The spelling errors are a real pain in the butt:

- page 217: "Aurebach" instead of "Auerbach" (my favorite; it's his own publisher).
- page 16: "can shared" instead of "can be shared"
- page 36: ".appropriate" instead of "appropriate"
- page 43: "their role" instead of "his role"
- page 45: "control" instead of "risk" (last word on the page)
- page 46: "these" instead of "there"
- page 47: "guideline" instead of "guidelines"
- page 55: "their" instead of "its" (it refers back to "job")
- page 64: wrong comma usage
- page 71: "in" instead of "it"
- .....
- page 162: "Originizational" instead of "Organizational"
- page 217: "Ozierz's" instead of "Ozier's"


The writer uses the Ctrl+C and Ctrl+V too many times. Definitions should be reworded, not blindly copied. See pages 7 and 57, pages 47 and 72 etc.

Sometimes bulleted items in the same list have a trailing dot, sometimes they haven't.

I can go on and on.

To wrap it up, the writing gets 1 star. Equals 5 stars. Which will be rounded to 2 stars, simply because of his sloppy writing.

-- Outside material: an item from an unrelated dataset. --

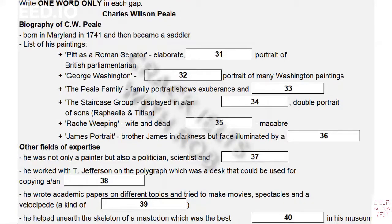Peale believed anyone could learn to paint, and he taught painting to his brothers, sisters, sons, daughters, nephews, nieces, and other relatives. Four of his sons — Tysian, Rubens, Rembrandt, and Raphael — became painters, as did his brother James.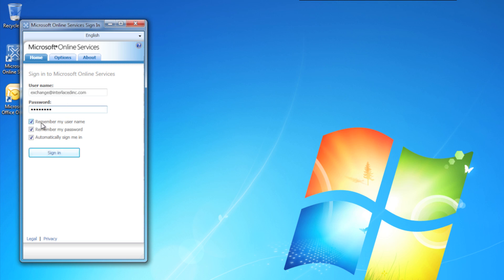Type in your password as well, and then you can choose your options for these three checkboxes here. I choose to leave all of them checked, but that's up to you, your opinion. Make your choices, and then click Sign In.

If the writing were better, I might give it 3 or 4 stars.

I believe that this book was pushed out to the presses much too quickly. Be prepared to rewrite some of the processes because of poor writing (and/or proof reading). Some of the steps in the Qualitative Risk Analysis just strait up don't make sense.

However I give it two thumbs up for content. This book helped me with disaster planning tremendously.

Bottom line this book is worth the money and deserves/needs a second edition.

An excellent resource on risk analysis techniques and methodolgies. The breadth and depth of coverage fits a wide range of audience. I work in information security and found the concepts and details very very helpful and ones I could relate to in my work. The organization of the chapters and overall book is very logical and facilitates overall readability. I wuld highly recommend this book to anyone working in any aspect of risk assessment/management.

2 thumbs up!

The book outlines - over the course of about 50 pages - a simple and qualitative risk metric. IF one is looking for a method to quantify risk then look elsewhere; perhaps to a professional actuary.

Overall it is a decent book for an introduction to qualitative risk analysis.

After reading a large number of security books and papers, you come to an uncanny realization: if an author does not misspell HIPAA in his entire work, he's gotta be good! But then again, if a guy was a CSO when I was just finishing my elementary school, I am sure he knows something about security...

Here is what I have to say about this title: it is good, but pretty dry. And I happen to hate dry books. However, I am willing to make an exception for this one, since it is a management book about security risk. It won't teach you how to hack, scan, exploit or protect and firewall, but rather how to define, document, manage, organize and facilitate.

I would recommend the book for those involved with formal risk assessment for organizations. Admittedly, I do not fit this profile myself, but I enjoyed it since the author presents a somewhat novel approach to security risk assessment (called FRAAP) and I was curious about it. I also liked the section on mapping controls, such as HIPAA to ISO17799, etc.

Anton Chuvakin, Ph.D., GCIA, GCIH, GCFA is a Security Strategist with a major security company. He is an author of the book "Security Warrior" and a contributor to "Know Your Enemy II" and the upcoming "Hacker's Challenge III". In his spare time, he maintains his security portal info-secure.org and his blog at O'Reilly. His next book will be about security log analysis.

This is a great book about risk. Very valuable. Written in a clear and easy to understand style.

A bargain at 5 times the price. You can't get this info and data anywhere else.